FAIRFAX, Va., (Reuters) – Republicans pushed Democrats out of the Virginia governorship and did unexpectedly well in heavily Democratic New Jersey yesterday, signaling trouble for President Joe Biden’s party heading into next year’s congressional elections.
Republican Glenn Youngkin, a former private equity executive, beat former Governor Terry McAuliffe in Tuesday vote, with the Democrat conceding on Wednesday morning. Youngkin had distanced himself just enough from former President Donald Trump to win back moderates who had supported Biden just a year ago.
In New Jersey, incumbent Democrat Phil Murphy held a narrow lead over Republican challenger Jack Ciattarelli, even though registered Democratic voters outnumber Republicans there by more than 1 million.

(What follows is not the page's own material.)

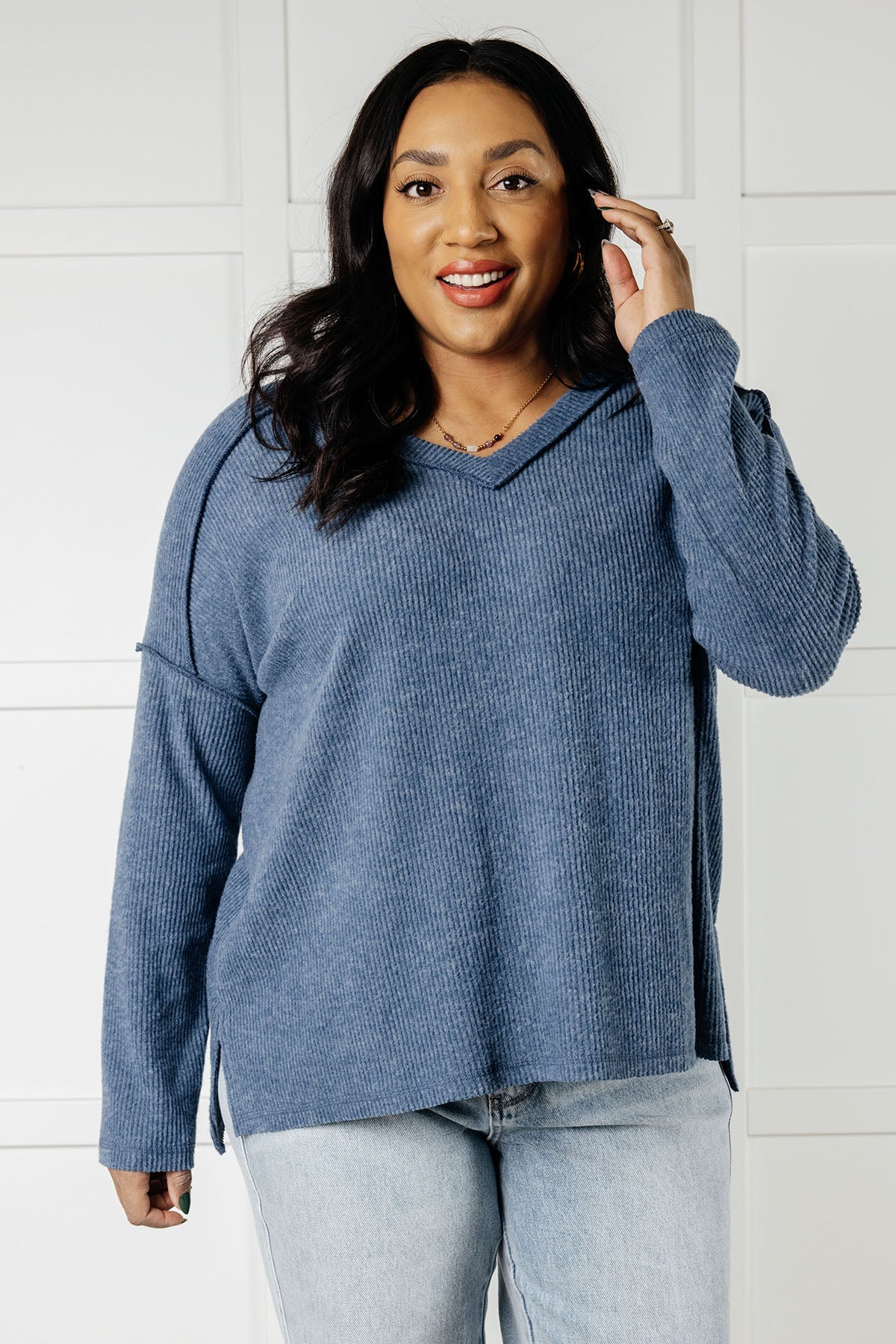 Zenana Basically Freezing Ribbed Brushed Hacci Top in Dusty Blue Tops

Both saw strong gains in the suburbs from independent voters who had been turned off by Trump’s style of politics. The results in states that Biden won easily in 2020 suggest that Democrats’ razor-thin majorities in Congress are highly vulnerable in the 2022 elections.
Republican control of both, or even one, chamber of Congress would give the party the ability to block Biden’s legislative agenda during the final two years of his current term in office.
The loss also gives Trump an opportunity to point to Virginia as a repudiation of Biden as he sets the stage for another possible presidential run in 2024.
Despite the losses, the top Democrats in Congress vowed to push ahead on Biden’s legislative agenda, hoping to pass twin bills worth a combined $2.75 trillion to rebuild the nation’s roads and bridges, as well as bolster the social safety net and fight climate change. They have already been held up by months of infighting between Democrats’ progressive and moderate wings.
Some senior Democrats said the party would need to do a better job of explaining the benefits of those programs. The party was seen as failing to do on Obamacare during the 2010 midterm elections that then-President Barack Obama called a “shellacking” for his party.
“We are going to learn from history,” Representative Hakeem Jeffries, who heads the House Democratic Caucus, told reporters on Tuesday. “We are going to message with simplicity and repetition.”
In another contest, Minneapolis Mayor Jacob Frey won a second term in Tuesday’s election, emerging from a crowded field of candidates after a tumultuous year dominated by the aftermath of George Floyd’s murder by a white city police officer.